All that talk about the ex-president starting a third party? Not happening. He’s working hard to keep Republicans loyal – and help the party retake the House and Senate in 2022.

Marco Bello/Reuters
A pin depicting outgoing President Donald Trump is seen attached to a supporter in West Palm Beach, Florida, on Jan. 20, 2021.

Dear reader:
 
 Don’t let the eerie quiet of a Trump-free Twitter fool you. One week out of office, former President Donald Trump is still very much with us. He’s set up an office in Florida, and remains highly involved in Republican politics.
 
 The suggestion that former President Trump might start his own party?

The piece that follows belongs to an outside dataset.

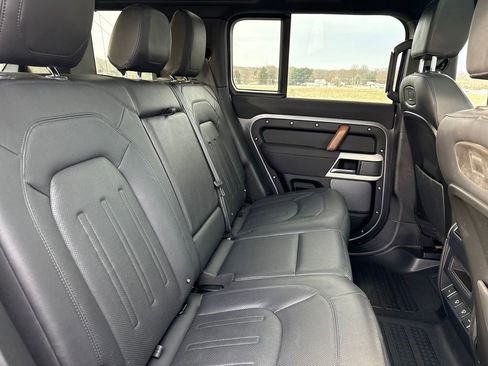 Used 2022 Land Rover Defender 110 SE image 18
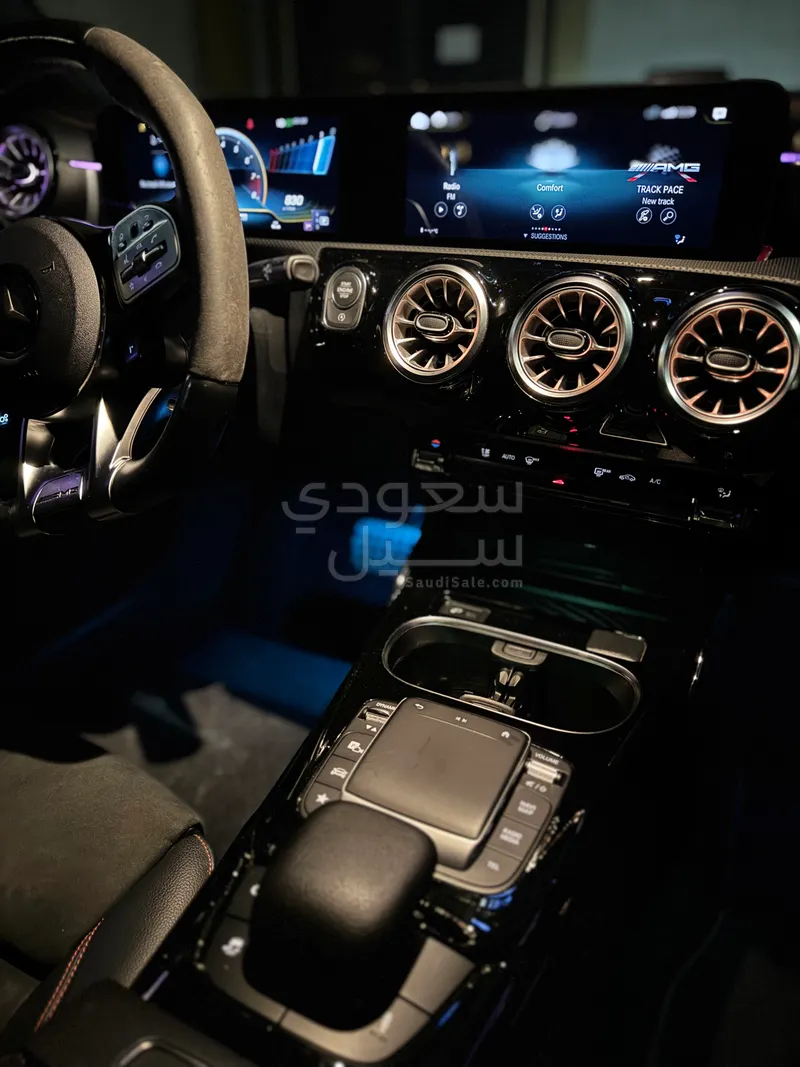 2021 مرسيدس - بنز سي إل أي 45إس أي إم جي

Not happening, at least for now, senior adviser Jason Miller tells CNN. The former president "has made clear his goal is to win back the House and Senate for Republicans in 2022,” Mr. Miller says.
 
 Mr. Trump is also throwing his weight around in state GOP politics. He endorsed the Arizona party chair, Kelli Ward, in her successful bid for reelection; she’s known, most recently, for vocally supporting Mr. Trump’s false claim that the 2020 election was “stolen.” The ex-president has also endorsed former press secretary Sarah Huckabee Sanders for governor of Arkansas.
 
 Mr. Trump’s political action committee, Save America, reportedly has more than $70 million in its war chest. But his favored vehicle for exerting pressure, especially without Twitter, may still be the phone.
 
 It’s been two weeks since Mr. Trump’s historic second impeachment, following the Jan. 6 riot in the Capitol that Democrats (and a few Republicans) say he helped incite. And in the runup to his Senate trial next month, the former president is monitoring which Republicans are still with him and has issued “unsubtle warnings to Republican senators that he will ruin them politically” if they vote to convict, The Washington Times reports.
 
Sen. Kevin Cramer of North Dakota got a call from a Trump aide Saturday, the senator told reporters. The message was simply that Mr. Trump was still a Republican and to please help squash the “rumors” of a third party.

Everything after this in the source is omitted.